WILSON: There is, sort of. A lot of child actors do a lot of charity work together. And some of my friends, some of my closest friends I actually met through charity organizations I did a lot when I was younger. I did Children Affected by AIDS Foundation. I did Starlight Foundation, Make a Wish Foundation. I was in this group called Kids with a Cause with Hillary Duff and Michael Welch, who's now in the "Twilight" movies and a bunch of actors. My first boyfriend was a child actor, actually, and I met him doing charity work. And it was nice because there were other people who understood what it was like to go through that.
CONAN: Mm-hmm.
WILSON: I also grew up in Southern California, where, you know, kids coming out for pilot season was common. Kids would come out in the middle of the year from, you know, Detroit or, you know, Minnesota, some place like that, and we'd ask them why they came out and they'd say, oh, for pilot season. And that was just the way that it was.
CONAN: So it was not that unusual in a sense, though, in - you step back and say, wow, this was pretty strange.
WILSON: Yeah, it was. It was a strange environment, and it's something - while I was writing the article for cracked.com, I was thinking about it, and I thought, are these things that I know, or are these things that everybody knows? And I had to actually ask, you know, I had to ask friends, saying, OK, this is what I think about child actors. Do you think everybody knows this? Or do you think this is something that I've gleaned from my own experiences?

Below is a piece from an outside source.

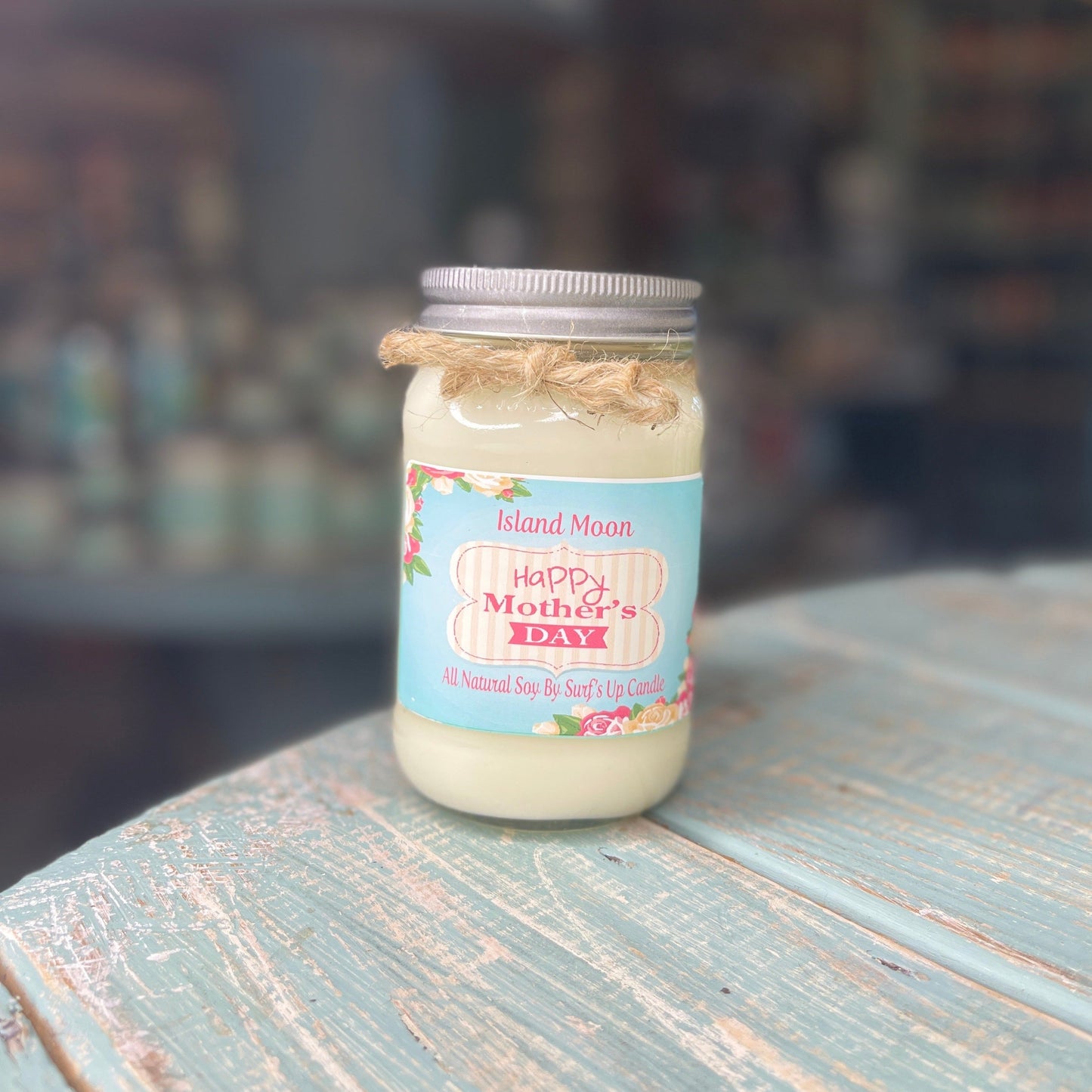 Island Moon Mason Jar Candle - Mother's Day Collection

And a lot of them said, no, I've never heard of that. I've never thought of it like that before. That's really interesting because you've assumed that your life is universal even if you know how odd it is.
CONAN: And one of things that you wrote about was having an entourage effectively.
WILSON: Yes.
CONAN: You have a whole group of people around. Very important - your well-being is very important to them.

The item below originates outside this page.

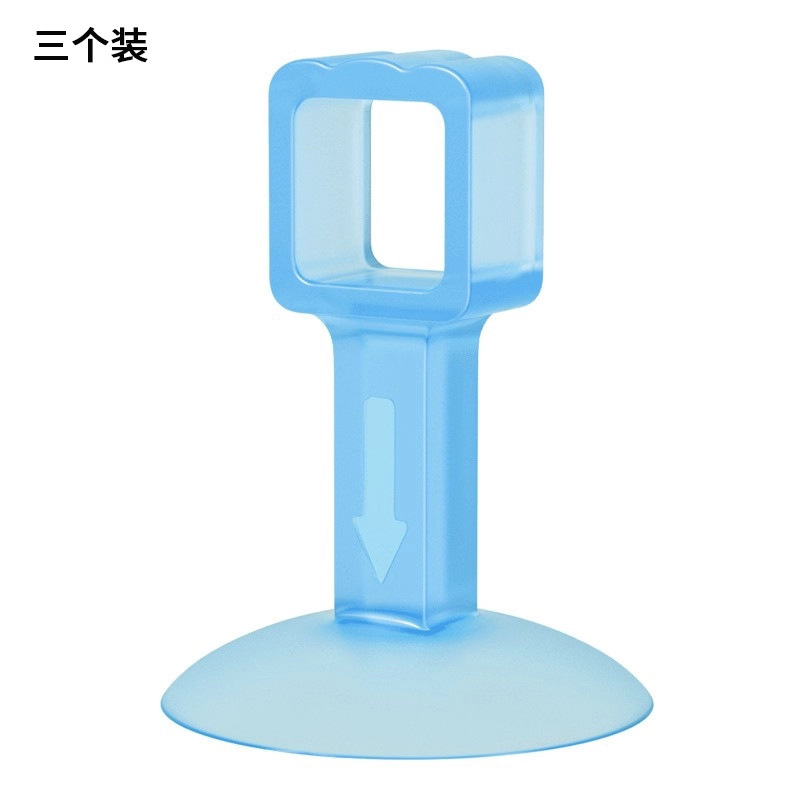 断桥铝窗户把手防撞吸盘硅胶贴卫生间门把手防碰撞保护套加大门吸|undefined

WILSON: Yes. Well, the thing is when you are a child, you've got other people taking care of you all the time. And a lot of child stars, I think - child actors and child stars, I think, there might be a distinction. I'm not quite sure what it is, but there might be...
CONAN: Maybe not in their minds, but...
(LAUGHTER)
WILSON: Exactly. Exactly. But people are, you know, catering to your every whim, and I think that this is a problem because kids who are always told that they're special and always told that they're the best and never allowed to make mistakes and never allowed to do things on their own, these kids have trouble growing up. It's been a source of a lot of controversy even just in, you know, the so-called helicopter parents and the so-called gifted children.

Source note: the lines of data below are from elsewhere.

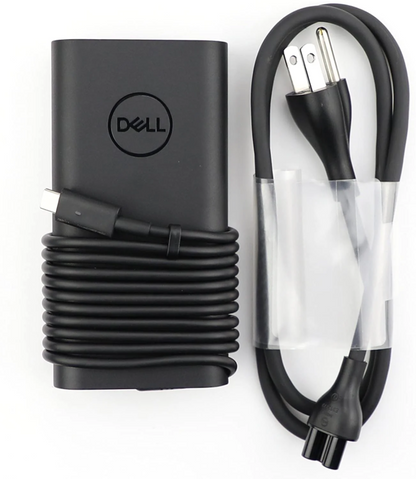 Dell Vendor Original 90W USB-C AC Adapter Laptop Charger ( Type - C ) ( 1 Yr Warranty )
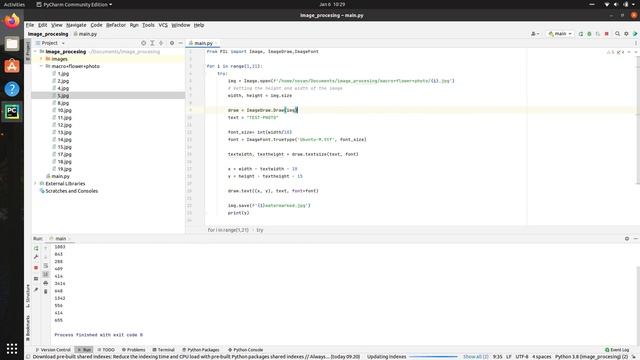 Make Watermark with Pillow Python Library смотреть онлайн
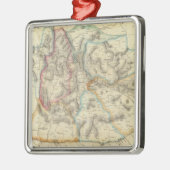 Oaxaca, Mexico Metalen Ornament (Links)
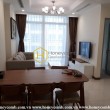 Cozy and graceful style apartment for rent in Vinhomes Central Park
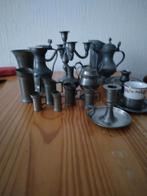 diversen voorwerpen van tin, Antiek en Kunst, Antiek | Tin, Ophalen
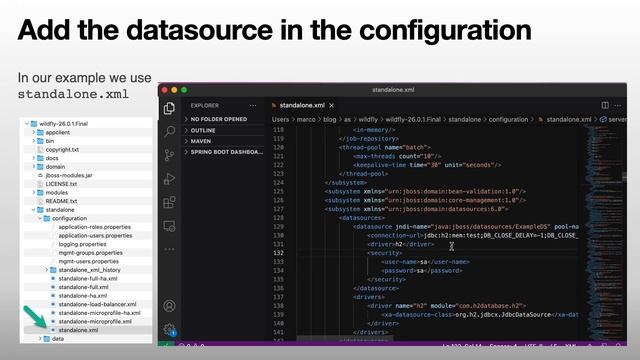 How to Connect WildFly to PostgreSQL - A Step-by-Step Tutorial смотреть онлайн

And I saw that with just kids I knew at public school that were gifted. A lot of them struggled as they got older because they've been told they were smart. And so when they failed, they felt let down, they felt confused, and they blamed themselves.
So I think you see that on a much grander level with a child star where they get this level of fame and success and they think that that's going to last forever because they get used to it. And as they get older it's taken away from them, and they're not sure who to blame. And they don't know how to do anything for themselves.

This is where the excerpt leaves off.